Records from a data source

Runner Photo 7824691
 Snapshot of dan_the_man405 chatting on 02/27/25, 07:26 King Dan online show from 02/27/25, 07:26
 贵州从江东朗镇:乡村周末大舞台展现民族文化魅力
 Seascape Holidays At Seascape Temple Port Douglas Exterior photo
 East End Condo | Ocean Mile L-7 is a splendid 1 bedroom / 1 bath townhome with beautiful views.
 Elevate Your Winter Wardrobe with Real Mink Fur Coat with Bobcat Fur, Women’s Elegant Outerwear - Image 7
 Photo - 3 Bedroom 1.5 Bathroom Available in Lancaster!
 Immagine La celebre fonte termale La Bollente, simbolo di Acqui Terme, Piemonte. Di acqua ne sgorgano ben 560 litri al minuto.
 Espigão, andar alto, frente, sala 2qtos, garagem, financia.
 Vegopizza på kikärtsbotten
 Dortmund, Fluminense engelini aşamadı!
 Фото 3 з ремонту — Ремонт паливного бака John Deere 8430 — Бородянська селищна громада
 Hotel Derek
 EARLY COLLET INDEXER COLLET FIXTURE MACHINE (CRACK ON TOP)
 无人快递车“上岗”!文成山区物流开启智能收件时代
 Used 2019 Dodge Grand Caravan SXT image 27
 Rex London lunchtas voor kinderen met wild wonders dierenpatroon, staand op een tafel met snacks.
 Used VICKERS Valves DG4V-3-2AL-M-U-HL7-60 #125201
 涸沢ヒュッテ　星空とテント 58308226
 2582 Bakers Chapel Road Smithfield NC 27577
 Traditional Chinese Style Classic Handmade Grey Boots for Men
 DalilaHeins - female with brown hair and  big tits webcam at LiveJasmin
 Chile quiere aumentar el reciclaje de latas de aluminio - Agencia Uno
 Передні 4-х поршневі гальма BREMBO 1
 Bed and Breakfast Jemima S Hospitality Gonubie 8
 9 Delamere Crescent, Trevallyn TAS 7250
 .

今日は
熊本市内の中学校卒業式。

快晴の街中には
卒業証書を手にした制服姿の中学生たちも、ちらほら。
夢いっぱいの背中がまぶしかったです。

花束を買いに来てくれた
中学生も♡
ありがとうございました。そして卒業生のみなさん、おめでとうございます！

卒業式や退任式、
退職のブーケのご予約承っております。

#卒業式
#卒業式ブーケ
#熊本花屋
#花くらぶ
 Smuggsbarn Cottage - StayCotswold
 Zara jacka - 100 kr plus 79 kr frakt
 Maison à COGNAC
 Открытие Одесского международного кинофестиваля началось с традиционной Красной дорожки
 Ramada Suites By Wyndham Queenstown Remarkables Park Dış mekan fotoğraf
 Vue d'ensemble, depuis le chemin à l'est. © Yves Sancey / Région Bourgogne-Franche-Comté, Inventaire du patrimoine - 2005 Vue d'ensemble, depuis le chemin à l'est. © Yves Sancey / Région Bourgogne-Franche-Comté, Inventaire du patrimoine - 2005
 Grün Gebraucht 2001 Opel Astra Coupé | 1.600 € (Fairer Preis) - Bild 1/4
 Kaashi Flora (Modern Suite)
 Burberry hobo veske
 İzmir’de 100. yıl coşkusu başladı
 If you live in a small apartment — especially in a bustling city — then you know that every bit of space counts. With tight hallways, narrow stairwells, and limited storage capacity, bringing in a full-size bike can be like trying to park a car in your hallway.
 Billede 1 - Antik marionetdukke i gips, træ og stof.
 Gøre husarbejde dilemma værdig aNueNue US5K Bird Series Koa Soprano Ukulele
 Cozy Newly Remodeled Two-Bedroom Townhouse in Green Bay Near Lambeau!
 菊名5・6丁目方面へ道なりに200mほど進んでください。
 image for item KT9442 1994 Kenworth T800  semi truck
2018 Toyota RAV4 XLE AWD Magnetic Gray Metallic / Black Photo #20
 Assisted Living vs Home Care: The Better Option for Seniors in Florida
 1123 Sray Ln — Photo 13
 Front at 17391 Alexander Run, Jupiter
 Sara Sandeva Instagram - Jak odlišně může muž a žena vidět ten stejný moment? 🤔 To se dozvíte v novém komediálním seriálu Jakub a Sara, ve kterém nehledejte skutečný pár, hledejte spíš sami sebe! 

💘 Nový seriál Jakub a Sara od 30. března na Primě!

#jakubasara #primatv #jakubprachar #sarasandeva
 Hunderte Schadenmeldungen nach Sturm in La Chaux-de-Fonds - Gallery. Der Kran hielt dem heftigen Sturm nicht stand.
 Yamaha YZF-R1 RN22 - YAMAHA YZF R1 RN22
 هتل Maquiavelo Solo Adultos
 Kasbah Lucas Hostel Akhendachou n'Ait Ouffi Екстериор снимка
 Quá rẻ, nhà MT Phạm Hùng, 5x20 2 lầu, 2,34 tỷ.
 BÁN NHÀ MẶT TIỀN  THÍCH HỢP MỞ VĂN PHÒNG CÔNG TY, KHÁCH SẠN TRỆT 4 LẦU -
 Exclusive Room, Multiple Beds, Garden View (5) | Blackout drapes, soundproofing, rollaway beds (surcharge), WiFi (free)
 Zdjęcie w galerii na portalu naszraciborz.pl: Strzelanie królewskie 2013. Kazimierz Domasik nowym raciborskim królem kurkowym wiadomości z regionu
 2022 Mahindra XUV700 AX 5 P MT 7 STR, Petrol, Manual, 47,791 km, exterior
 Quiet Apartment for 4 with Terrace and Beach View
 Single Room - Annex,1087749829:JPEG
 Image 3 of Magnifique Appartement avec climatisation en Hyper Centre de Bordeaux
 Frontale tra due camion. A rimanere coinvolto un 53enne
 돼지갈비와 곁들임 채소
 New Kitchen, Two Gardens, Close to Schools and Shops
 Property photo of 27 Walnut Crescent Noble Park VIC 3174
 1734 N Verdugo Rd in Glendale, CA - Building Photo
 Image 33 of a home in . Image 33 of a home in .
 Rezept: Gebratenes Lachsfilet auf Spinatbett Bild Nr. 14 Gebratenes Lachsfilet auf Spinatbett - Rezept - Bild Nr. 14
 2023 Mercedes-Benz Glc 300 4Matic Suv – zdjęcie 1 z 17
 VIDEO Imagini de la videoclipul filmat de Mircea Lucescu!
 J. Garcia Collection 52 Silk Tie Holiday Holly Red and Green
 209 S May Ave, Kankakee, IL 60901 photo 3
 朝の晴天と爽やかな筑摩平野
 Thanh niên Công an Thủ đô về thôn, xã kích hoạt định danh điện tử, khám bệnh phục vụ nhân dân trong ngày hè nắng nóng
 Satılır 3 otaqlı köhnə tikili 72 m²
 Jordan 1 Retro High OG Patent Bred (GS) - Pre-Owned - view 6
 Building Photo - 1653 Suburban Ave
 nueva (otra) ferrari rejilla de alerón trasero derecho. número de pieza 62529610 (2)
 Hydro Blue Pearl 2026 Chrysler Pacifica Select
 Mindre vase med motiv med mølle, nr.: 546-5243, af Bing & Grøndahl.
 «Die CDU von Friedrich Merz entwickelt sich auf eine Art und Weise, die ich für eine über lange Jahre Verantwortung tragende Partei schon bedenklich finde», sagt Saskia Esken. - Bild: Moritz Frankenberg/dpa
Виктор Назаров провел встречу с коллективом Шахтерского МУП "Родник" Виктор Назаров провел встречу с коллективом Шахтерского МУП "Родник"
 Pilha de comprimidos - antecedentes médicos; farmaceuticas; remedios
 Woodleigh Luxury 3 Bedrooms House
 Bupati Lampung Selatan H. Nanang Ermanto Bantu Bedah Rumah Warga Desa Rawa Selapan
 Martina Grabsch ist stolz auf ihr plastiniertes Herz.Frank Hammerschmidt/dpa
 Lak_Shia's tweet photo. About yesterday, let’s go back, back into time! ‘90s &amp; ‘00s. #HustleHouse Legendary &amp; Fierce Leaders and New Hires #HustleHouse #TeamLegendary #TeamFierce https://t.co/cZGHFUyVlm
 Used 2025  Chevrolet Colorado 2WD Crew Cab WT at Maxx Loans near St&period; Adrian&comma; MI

-- What to produce --
Would you please copy exactly the part of the entries above that begins at the line containing "贵州从江东朗镇:乡村周末大舞台展现民族文化魅力" and ends at the line containing "Vegopizza på kikärtsbotten", both lines included?

-- Problem solution --
 贵州从江东朗镇:乡村周末大舞台展现民族文化魅力
 Seascape Holidays At Seascape Temple Port Douglas Exterior photo
 East End Condo | Ocean Mile L-7 is a splendid 1 bedroom / 1 bath townhome with beautiful views.
 Elevate Your Winter Wardrobe with Real Mink Fur Coat with Bobcat Fur, Women’s Elegant Outerwear - Image 7
 Photo - 3 Bedroom 1.5 Bathroom Available in Lancaster!
 Immagine La celebre fonte termale La Bollente, simbolo di Acqui Terme, Piemonte. Di acqua ne sgorgano ben 560 litri al minuto.
 Espigão, andar alto, frente, sala 2qtos, garagem, financia.
 Vegopizza på kikärtsbotten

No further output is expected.